[Image-caption web data]
|---|
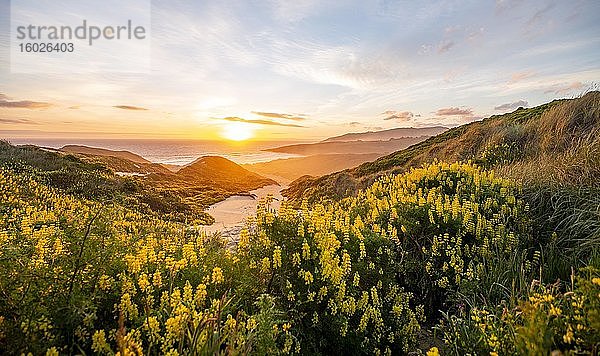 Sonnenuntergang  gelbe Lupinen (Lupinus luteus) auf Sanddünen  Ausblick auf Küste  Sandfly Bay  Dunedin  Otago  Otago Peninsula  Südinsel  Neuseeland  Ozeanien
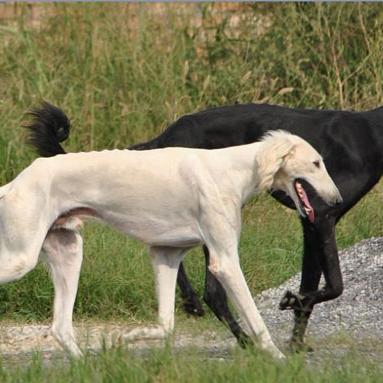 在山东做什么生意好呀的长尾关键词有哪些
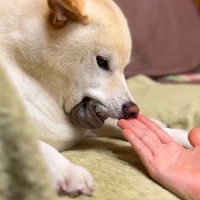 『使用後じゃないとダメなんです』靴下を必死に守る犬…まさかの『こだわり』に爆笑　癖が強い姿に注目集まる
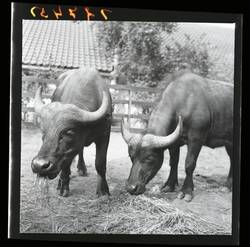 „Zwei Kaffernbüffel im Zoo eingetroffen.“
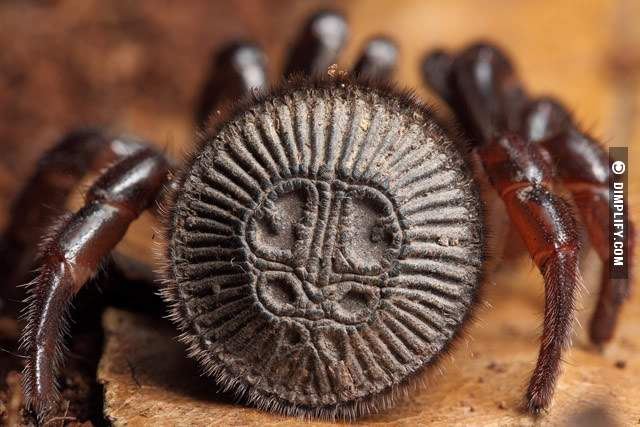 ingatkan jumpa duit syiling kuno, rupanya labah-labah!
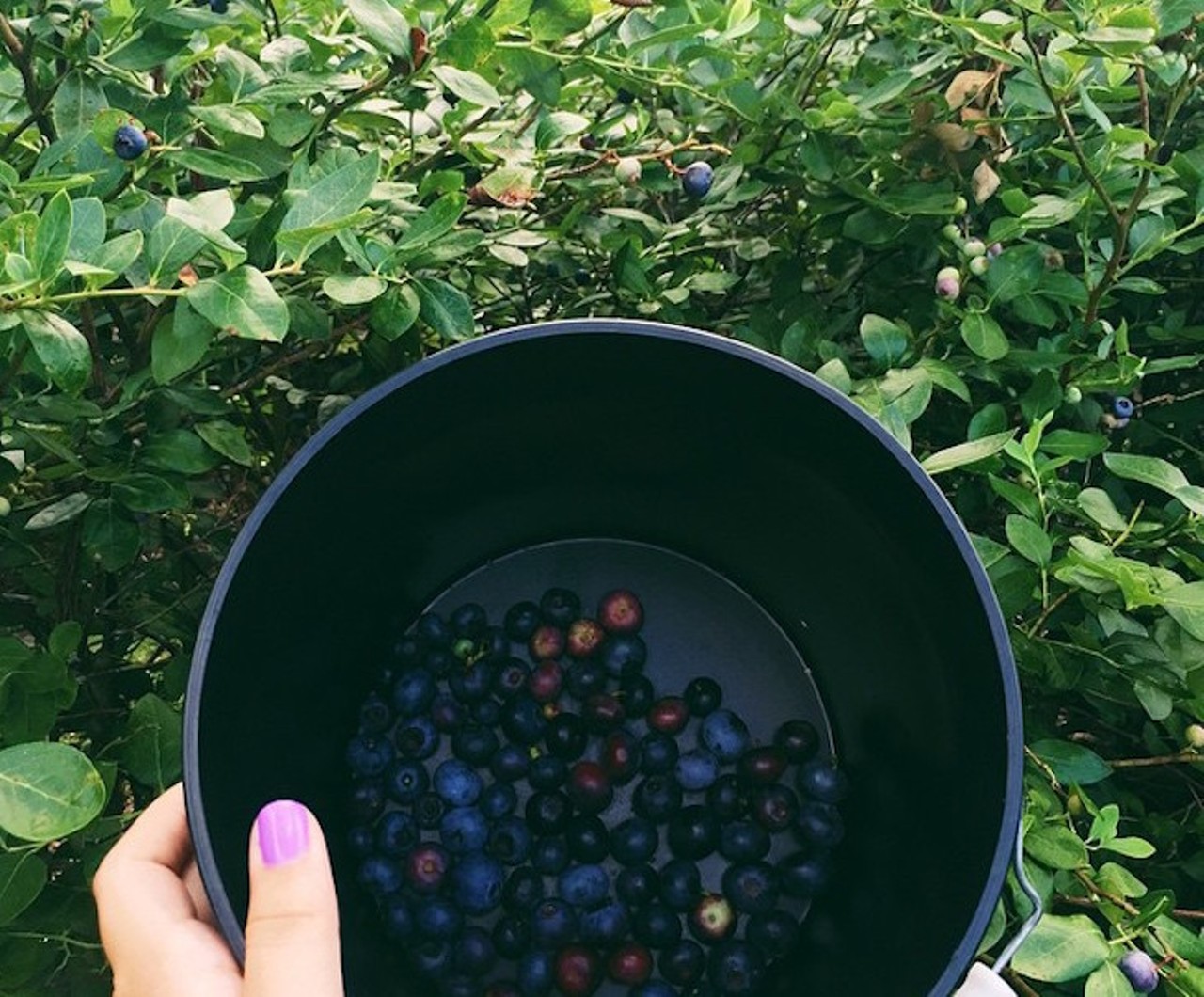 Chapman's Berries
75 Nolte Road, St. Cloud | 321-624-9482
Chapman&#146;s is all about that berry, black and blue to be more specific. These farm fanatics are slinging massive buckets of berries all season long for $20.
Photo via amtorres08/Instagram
|---|
--- EXERCISE REQUIREMENTS ---
Only the lines from the one containing "ingatkan jumpa duit" through the last line of the entries should be transcribed, exactly and with no pictures.

--- YOUR SOLUTION ---
 ingatkan jumpa duit syiling kuno, rupanya labah-labah!
 Chapman's Berries
75 Nolte Road, St. Cloud | 321-624-9482
Chapman&#146;s is all about that berry, black and blue to be more specific. These farm fanatics are slinging massive buckets of berries all season long for $20.
Photo via amtorres08/Instagram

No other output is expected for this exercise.